Parque Bicentenario sits in the north of Quito, a former international airport converted into one of the largest urban parks in Latin America. The capital itself has hosted major touring acts before. Maroon 5 played Estadio Olímpico Atahualpa in March 2018 as part of their Red Pill Blues Tour, according to setlist records, making their FTC Live al Parque appearance their first time back in the country in eight years. The band is currently midway through an active 2026 schedule that includes BST Hyde Park in London and a Formula 1 Grand Prix performance in Austin, Texas, according to TicketNews.

FTC Live al Parque Builds a Lineup Around Contrast
The programming logic behind FTC Live al Parque is legible from the top of the bill down. Maroon 5 supplies the international pop draw. Myke Towers, the Puerto Rican artist whose catalog sits at the center of the current urban generation, brings the Latin urban audience. Yandel Sinfónico is the most intriguing booking of the three.

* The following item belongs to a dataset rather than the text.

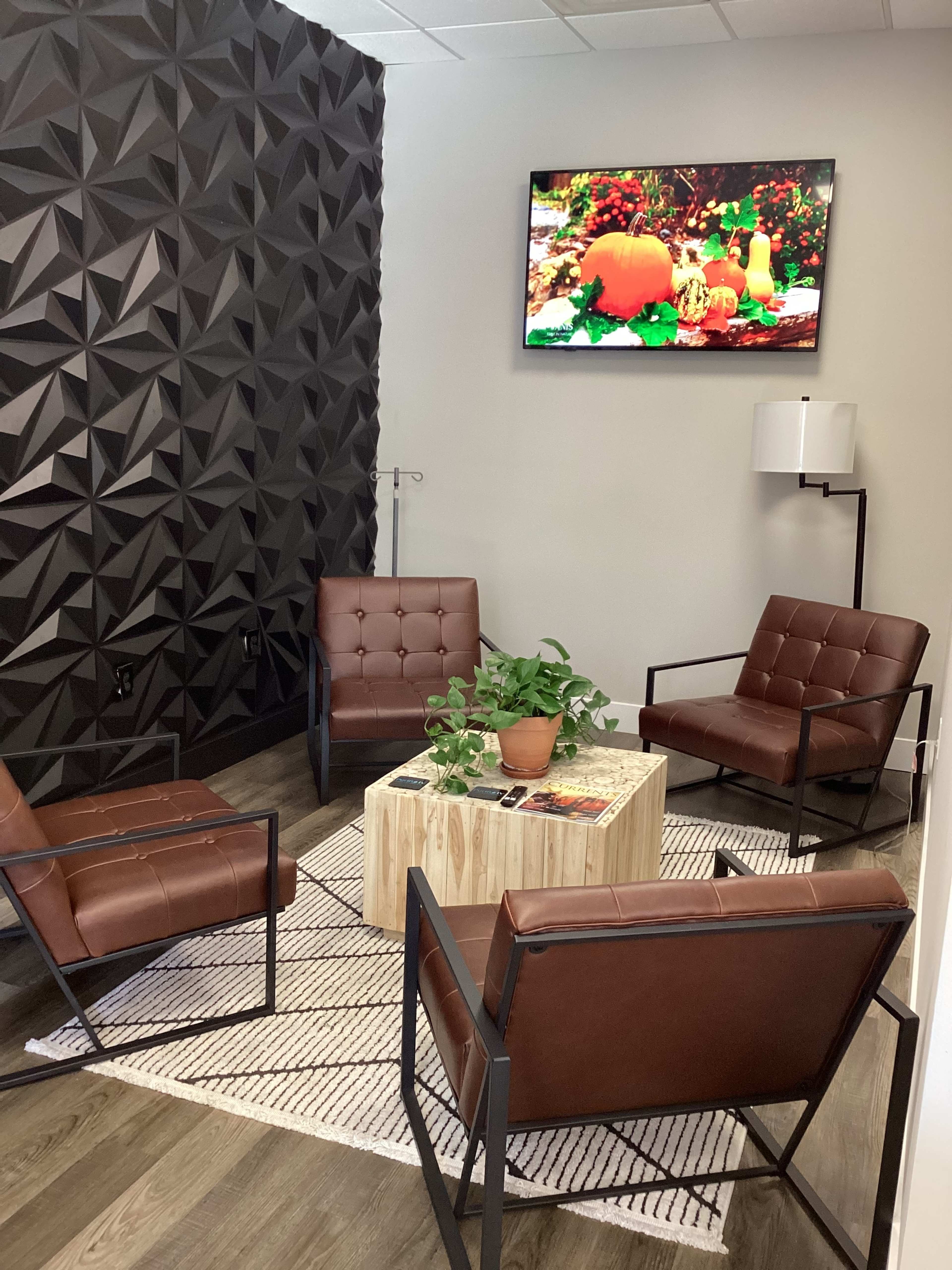 A modern waiting area with four brown leather chairs arranged around a wooden table, featuring a plant and a wall-mounted television displaying a colorful scene.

The project pairs Yandel, a reggaeton architect who has logged 16 number ones on Billboard's Top Latin Airplay chart as a solo artist, with a full philharmonic orchestra. As Billboard reported, the Sinfónico concept grew out of a 2024 performance with the FIU Symphony Orchestra and produced a live album that earned a 2026 Grammy nomination for Best Música Urbana Album. Bringing it to Quito puts the festival in the same conversation as stops the tour has made across the United States and Europe this year.
Belgian DJ and producer Lost Frequencies rounds out the international portion of the lineup. The Latin American and regional bracket includes Colombian salsa institution Fruko y sus Tesos and Ecuadorian artists Machaka, Cris Chil, Miel, Homero Gallardo, and Armendaris, the last of whom has built a following across the country's independent music scene.

Quito and the Larger Argument FTC Live al Parque Is Making
The festival is organized by Feel the Tickets, which describes it as a project that has been in development for several years, with the stated goal of building a 100 percent Ecuadorian festival brand capable of operating within the global touring circuit, according to coverage in Ecuadorian outlet Primicias. That framing matters. Ecuador has historically not appeared on the regional festival map the way Colombia, Argentina, Brazil, or Mexico have. Lollapalooza holds editions in Santiago and Buenos Aires. Estéreo Picnic anchors Bogotá's festival calendar. The creation of FTC Live al Parque is a direct bid to change that positioning.
Beyond the performance lineup, the organizers describe the event as incorporating gastronomy and visual art, positioning Parque Bicentenario as a broader cultural site rather than a standard festival ground. Tickets were priced across three zones, Palcos, FTC Box, and Platinum Experience, with presale access running April 14 through 17 and general public sales opening April 18.
Whether a single inaugural edition can shift Ecuador's place in the touring industry's mental map is a longer-term question. What FTC Live al Parque has done on paper is put together a lineup credible enough to test that hypothesis in front of a real audience this August.